The US Environmental Protection Agency (EPA) has refused to disclose the identity of a whistleblower who provided the chief of staff with a text of an employee’s testimony. The agency’s watchdog has escalated the matter to US Congress.
The so-called “deep state”” is seeking to destroy a top EPA employee, says Mandy Gunasekara, a former official with the agency’s air and radiation department, according to The Daily Caller.
According to Gunasekara, acting Inspector General Charles Sheehan is on a personal quest to oust Ryan Jackson, the agency’s chief of staff.

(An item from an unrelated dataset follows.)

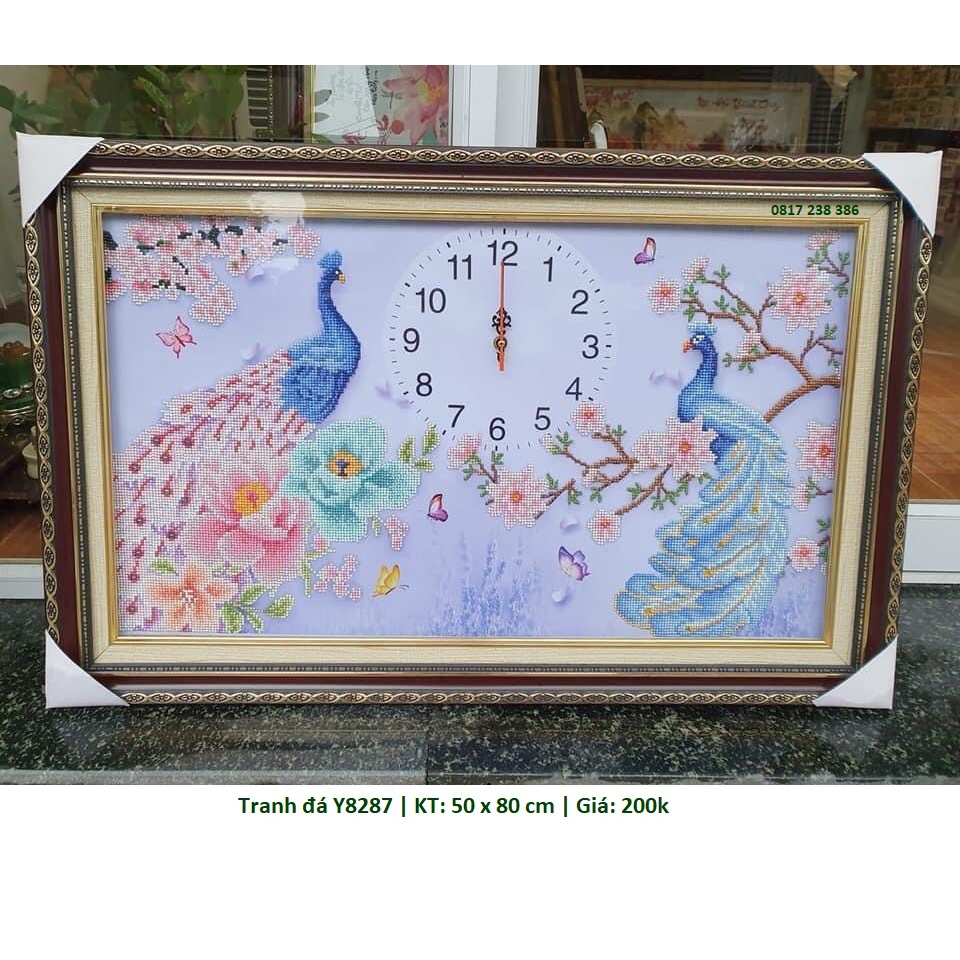 Tranh đính đá, tranh thêu chữ thập đồng hồ công y8287, LV533 (75 x 50 cm), LV3484 ( 70 x 50 cm)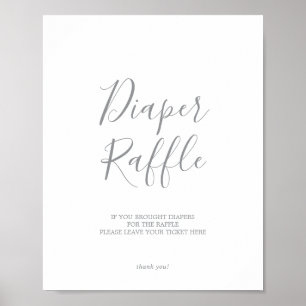 Silver Diaper Raffle Baby Shower Sign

Jackson is under investigation by the office of the agency’s Inspector General over allegations that Jackson pressured an environmental chemist, Deborah Swackhamer, to alter her congressional testimony so that it downplayed a 2017 episode in which the agency dismissed several members of the Board of Scientific Counselors, the agency’s own research advisory body.
In his 5 November letter, Jackson slammed Inspector General Sheehan for his investigation tactics, saying his investigators barged into his office unannounced and sought to discuss personnel matters, but the next day changed the topic dramatically.
Jackson said the investigators wanted to learn from him the identity of the person who handed him Deborah Swackhamer’s testimony. He slammed the investigators for not telling him the reason for their inquiry and refused to schedule further interviews.
The inspector general then wrote a ‘seven-day letter’, a measure reserved for “particularly serious or flagrant problems, abuses or deficiencies,” which obliged EPA head Andrew Wheeler to explain the situation in a letter to Congress within a week.
In that letter, Wheeler said the agency provided “reasonable accommodations” to the investigators and supported Jackson’s refusal to identify the whistleblower’s identity, citing “constitutional concerns that are ultimately for the Agency and the [inspector general] to resolve”.
The EPA’s top lawyer, Matthew Leopold, defended Jackson’s refusals, saying in a 5 November letter that “it is ultimately the administrator that maintains control of the information sought and decides what constitutes an adequate accommodation by the agency of an OIG request in so far as it is practicable”. The EPA head’s response prompted Inspector General Sheehan to claim the agency was exceeding its boundaries for independence and the right to agency information.